Figure 2. System Architecture overview. NN = Neural network. SLAM: Simultaneous Location and Mapping. IMU: Inertial Monitoring Unit. NED: Near-Eye Display.

Additional correction of depth estimates is provided by time-of-flight sensors and/or stereo-vision systems by leveraging HoloLens 2 built-in sensors.

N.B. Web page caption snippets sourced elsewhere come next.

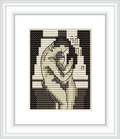 The cross stitch pattern features two abstract figures embracing, with contour lines suggesting their forms, set against a contrasting background.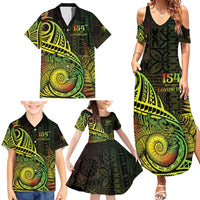 Personalised Fiji Lovoni Day Family Matching Summer Maxi Dress and Hawaiian Shirt 154th Years LT05 - Polynesian Pride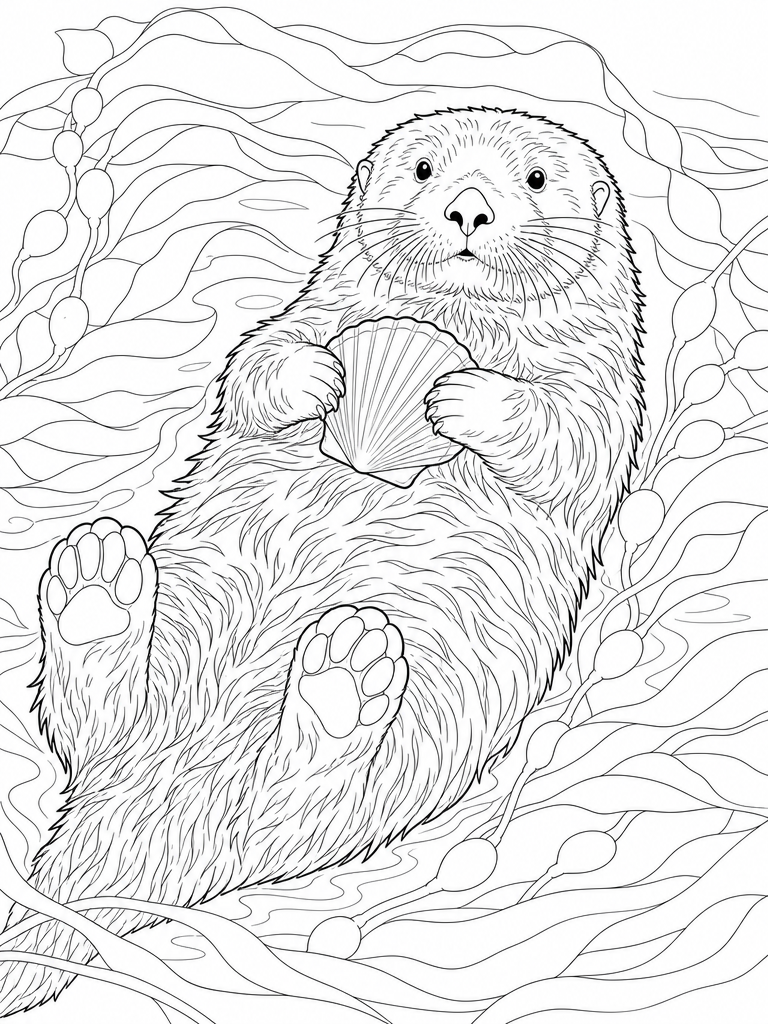 Sea Otter coloring page — Sea otter floating in kelp, holding a shell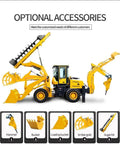 Backhoe Loader Do-It-All Combo For Farm Use, Compact Tractor Excavator with versatile attachments displayed including hammer and bucket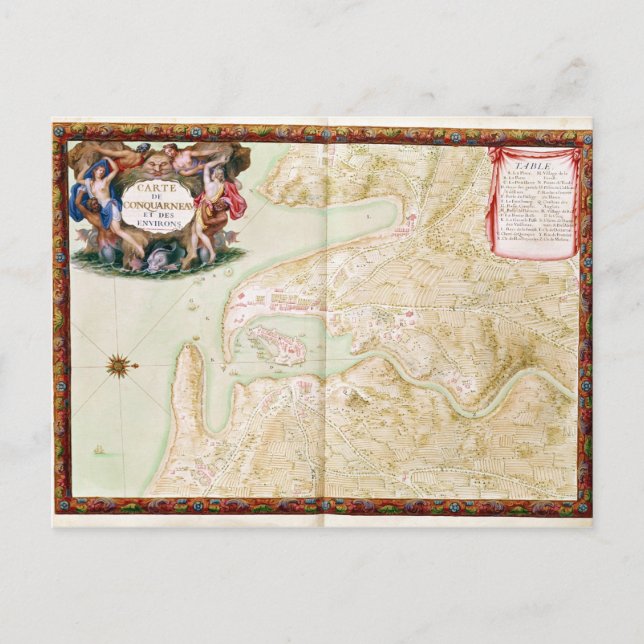 Postal Mapa de Concarneau (Anverso)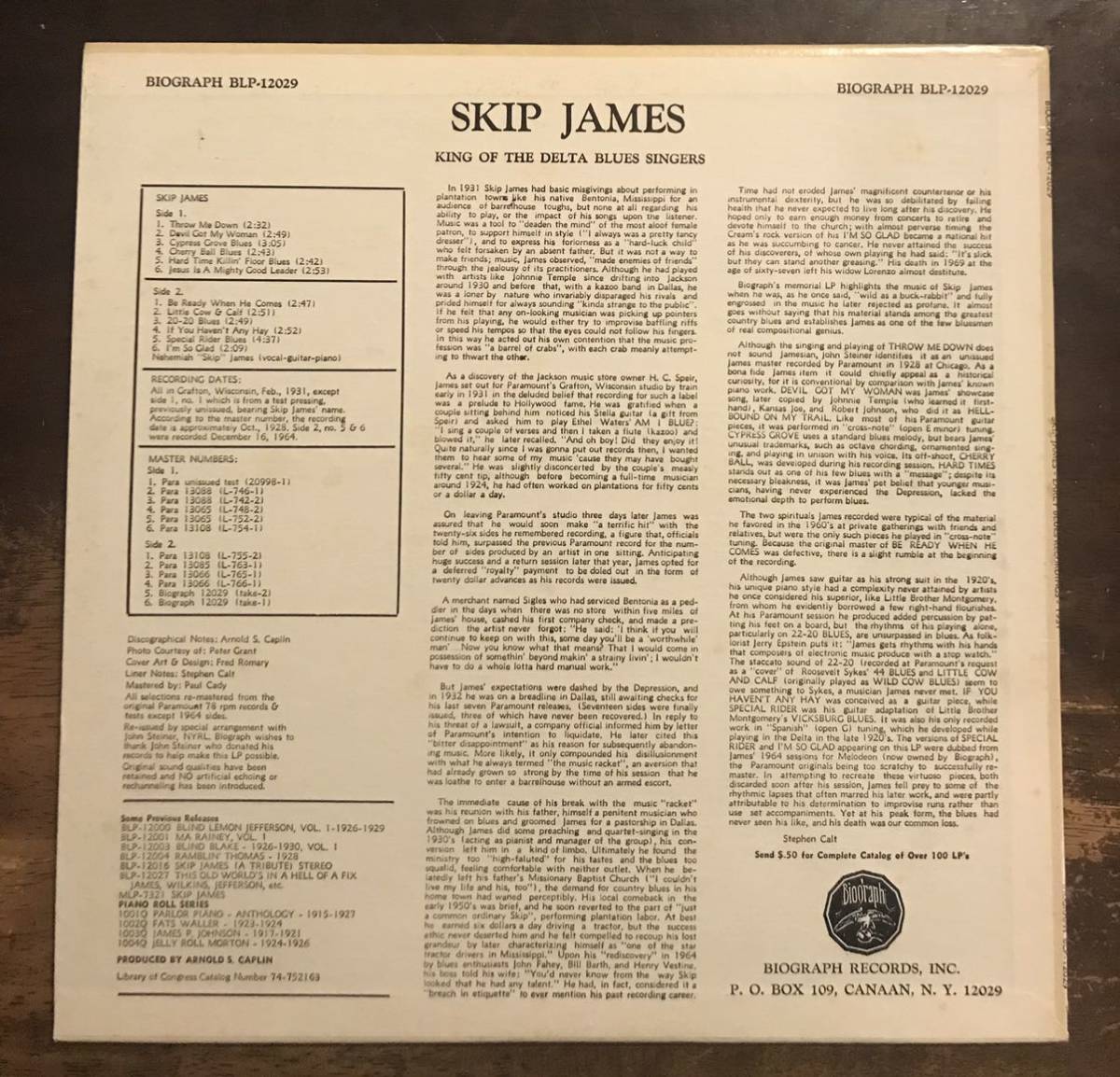 ■SKIP JAMES ■スキップ・ジェームス■King Of The Delta Blues Singers / 1LP / Biograph Records / Blues / ブルース名盤 / シュリンクの画像2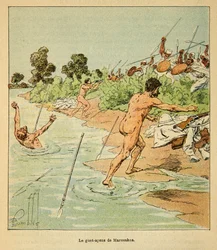 La guerra in Madagascar-Storia aneddotica delle spedizioni francesi del 1885-1895 di Henri Galli, illustrato da Louis Bombled: Sakalaves attaccano i negoziatori francesi a Marosakoa nel 1895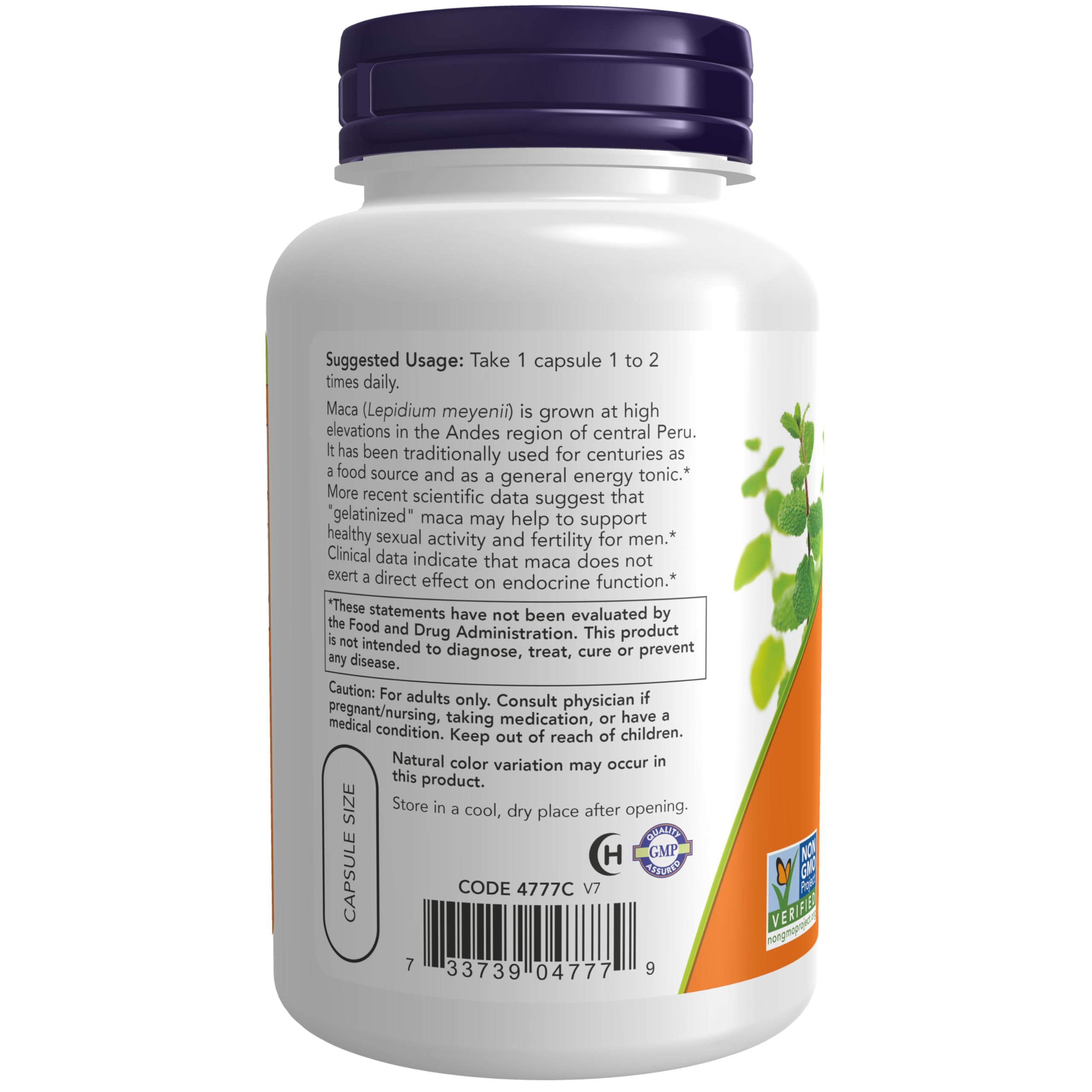 NOW Foods Supplements, Maca (Lepidium meyenii) 750 mg Raw, Reproductive Health*, 90 Veg Capsules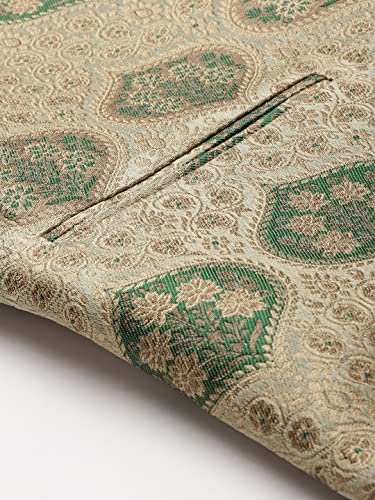 Image of MANQ Men Fawn Woven Jaquard Silk Nehru Jacket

The keypoint detector is based on custom-trained “State-of-the-art” vision detectors (Yolo-pose v8n and v11n, multi-class). We examined existing open source available keypoint (pose) detectors that could run on the HoloLens processor with reasonable performance. Yolov8n and Yolov11n, both from Ultralytics were selected. Alternative offerings focused on human pose and did not allow customization of the keypoint architecture, or ran on higher performance hardware. Yolov11 and yolov8 trained networks were found to perform equally well on detection, but run on different backends. Yolov11+Sentis performed slightly worse than yolov8+Barracuda on the HoloLens. Since the purpose of this paper is to examine the detection pipeline of a typical CV architecture, we did not perform further comparative work to identify the most performant detector architecture. Per the Ultralytics documentation, mAP and precision-recall curves are useful metrics for object “box” detection, less so for keypoint/pose detection. Ultralytics proposes KObj/Loss and PoseLoss as alternatives for pose detection, and those results are reported.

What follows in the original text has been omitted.